Все секты чань пренебрежительно относятся к книжной мудрости. Наряду со священным писанием, релятивированы обряды и традиционные формы монашеского усердия.
Патриарх чань-буддизма Линь Цзи (
IX
в.) говорил: «Никто еще не представал передо мной в своем одиночестве, свободе и неповторимости. Уже лет десять я тщетно жду такого человека. Я говорю вам: нет будд, нет священных книг… Что вы ищете в доме своего соседа? Слепцы! Вы пытаетесь пришить себе вторую голову. Чего вам не хватает в себе?.. Существует некий истинный человек без титула, что скрывается за вашей бледной плотью. Он все время входит и выходит через ваши органы чувств, те, кто не нашел его в себе, смотрите лучше!».
Чань ведет к переживанию, в котором снимаются все противопоставления: священное и мирское, конечное и бесконечное, прекрасное и безобразное, добро и зло, жизнь и смерть. Человек, вошедший в поток целостного бытия, скользит над всеми частными помыслами. Этим радикально устраняются все «злые» помыслы. Обращенность к целостности бытия снимает необходимость различать добро и зло. В Целом зла нет.
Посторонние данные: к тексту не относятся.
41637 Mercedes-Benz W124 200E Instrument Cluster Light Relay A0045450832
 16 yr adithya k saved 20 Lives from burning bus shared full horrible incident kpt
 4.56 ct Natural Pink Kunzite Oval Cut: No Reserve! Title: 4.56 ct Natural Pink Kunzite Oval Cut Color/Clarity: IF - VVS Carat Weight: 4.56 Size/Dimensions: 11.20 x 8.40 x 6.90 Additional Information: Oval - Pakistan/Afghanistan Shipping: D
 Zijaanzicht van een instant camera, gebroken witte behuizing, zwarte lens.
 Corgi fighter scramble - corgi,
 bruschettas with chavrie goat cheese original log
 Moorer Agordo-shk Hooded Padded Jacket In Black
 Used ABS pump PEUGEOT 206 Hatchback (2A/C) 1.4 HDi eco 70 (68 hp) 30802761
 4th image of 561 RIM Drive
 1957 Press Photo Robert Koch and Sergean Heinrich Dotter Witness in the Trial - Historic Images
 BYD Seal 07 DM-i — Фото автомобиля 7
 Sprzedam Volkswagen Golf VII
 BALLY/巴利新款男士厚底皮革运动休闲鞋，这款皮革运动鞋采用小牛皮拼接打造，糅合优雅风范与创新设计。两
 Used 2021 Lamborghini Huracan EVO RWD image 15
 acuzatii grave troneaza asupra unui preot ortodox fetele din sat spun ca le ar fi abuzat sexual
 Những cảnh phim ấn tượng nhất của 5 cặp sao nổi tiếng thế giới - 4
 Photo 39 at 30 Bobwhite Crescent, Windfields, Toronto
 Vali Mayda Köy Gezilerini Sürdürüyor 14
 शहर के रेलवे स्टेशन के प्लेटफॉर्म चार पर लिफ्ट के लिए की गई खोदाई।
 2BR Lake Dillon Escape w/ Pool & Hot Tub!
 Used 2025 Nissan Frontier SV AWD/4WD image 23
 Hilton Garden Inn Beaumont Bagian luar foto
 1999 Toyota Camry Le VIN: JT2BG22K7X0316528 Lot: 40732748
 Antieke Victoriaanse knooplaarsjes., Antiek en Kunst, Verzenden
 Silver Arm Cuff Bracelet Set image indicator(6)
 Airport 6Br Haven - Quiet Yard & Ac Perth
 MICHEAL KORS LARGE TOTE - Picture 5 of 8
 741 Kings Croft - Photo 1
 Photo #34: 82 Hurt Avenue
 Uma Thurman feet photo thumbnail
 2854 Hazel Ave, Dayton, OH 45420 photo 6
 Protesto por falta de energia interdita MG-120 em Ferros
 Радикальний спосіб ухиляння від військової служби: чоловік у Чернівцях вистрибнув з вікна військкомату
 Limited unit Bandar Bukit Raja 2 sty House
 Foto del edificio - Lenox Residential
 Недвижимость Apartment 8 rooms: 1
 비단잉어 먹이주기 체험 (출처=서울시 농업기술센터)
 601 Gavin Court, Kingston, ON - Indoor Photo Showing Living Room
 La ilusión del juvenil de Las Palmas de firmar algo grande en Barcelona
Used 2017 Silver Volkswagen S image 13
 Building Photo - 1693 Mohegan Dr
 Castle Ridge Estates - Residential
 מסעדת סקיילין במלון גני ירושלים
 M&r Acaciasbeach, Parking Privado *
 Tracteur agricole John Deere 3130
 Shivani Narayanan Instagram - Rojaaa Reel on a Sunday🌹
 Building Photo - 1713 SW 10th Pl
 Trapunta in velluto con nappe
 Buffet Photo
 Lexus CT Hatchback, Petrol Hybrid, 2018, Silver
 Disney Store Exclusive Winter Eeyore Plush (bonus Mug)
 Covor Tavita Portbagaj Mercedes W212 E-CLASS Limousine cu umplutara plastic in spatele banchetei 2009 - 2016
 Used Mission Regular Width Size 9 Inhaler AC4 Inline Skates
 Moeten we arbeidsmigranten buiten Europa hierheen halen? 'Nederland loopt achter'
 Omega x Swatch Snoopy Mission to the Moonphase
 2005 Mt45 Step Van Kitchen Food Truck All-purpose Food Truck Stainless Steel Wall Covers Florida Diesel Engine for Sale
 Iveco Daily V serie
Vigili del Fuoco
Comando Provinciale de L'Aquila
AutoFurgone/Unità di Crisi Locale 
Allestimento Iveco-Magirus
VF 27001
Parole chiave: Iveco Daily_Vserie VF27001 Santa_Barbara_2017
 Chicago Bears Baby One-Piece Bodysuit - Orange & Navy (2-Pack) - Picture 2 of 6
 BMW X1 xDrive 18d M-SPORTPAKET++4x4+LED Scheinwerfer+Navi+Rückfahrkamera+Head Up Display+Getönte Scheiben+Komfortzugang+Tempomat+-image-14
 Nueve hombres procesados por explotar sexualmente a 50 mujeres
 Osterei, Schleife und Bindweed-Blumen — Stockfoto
Чувство Целого, озарение может быть достигнуто в самой обыденной обстановке. Поэт Панъюнь писал:
Как это удивительно,
сверхъестественно!
Как это чудесно!
Я таскаю воду, я подношу дрова!
Со временем в напряженном взаимодействии учителей чань и их учеников стало складываться дзэнское писание. Монахи, ошеломленные странными загадочными вероучениями, записывали их в книжечку, прятали и в тихие минуты перечитывали, еще и еще раз пытались понять. Очень скоро возник первый жанр дзэнского писания, юлу – запись разговоров старца с учениками. Противопоставляя юлу индийскому буддизму, Цзунми (
IX
в.) писал, что сутры обращены «ко всему живому во вселенной», а юлу эффективнее «для особого рода людей», т.е. для китайцев и других народов дальневосточного культурного круга.
Юлу включали в себя проповеди, беседы, отдельные реплики. Впоследствии особую популярность приобрел жанр диалога (вэньда). С
XI
в. фрагменты диалога (или отдельные вопросы) стали задаваться ученикам как тексты для медитации. Эти тексты получили название гунъань (судебный документ, прецедент, т.е. прецедент просветления; случай вызвавший просветление) (яп. коан).
Самый распространенный пример гунъань: «
Ты можешь слышать звук двух хлопающих ладоней, – сказал учитель. – Покажи мне как звучит одна».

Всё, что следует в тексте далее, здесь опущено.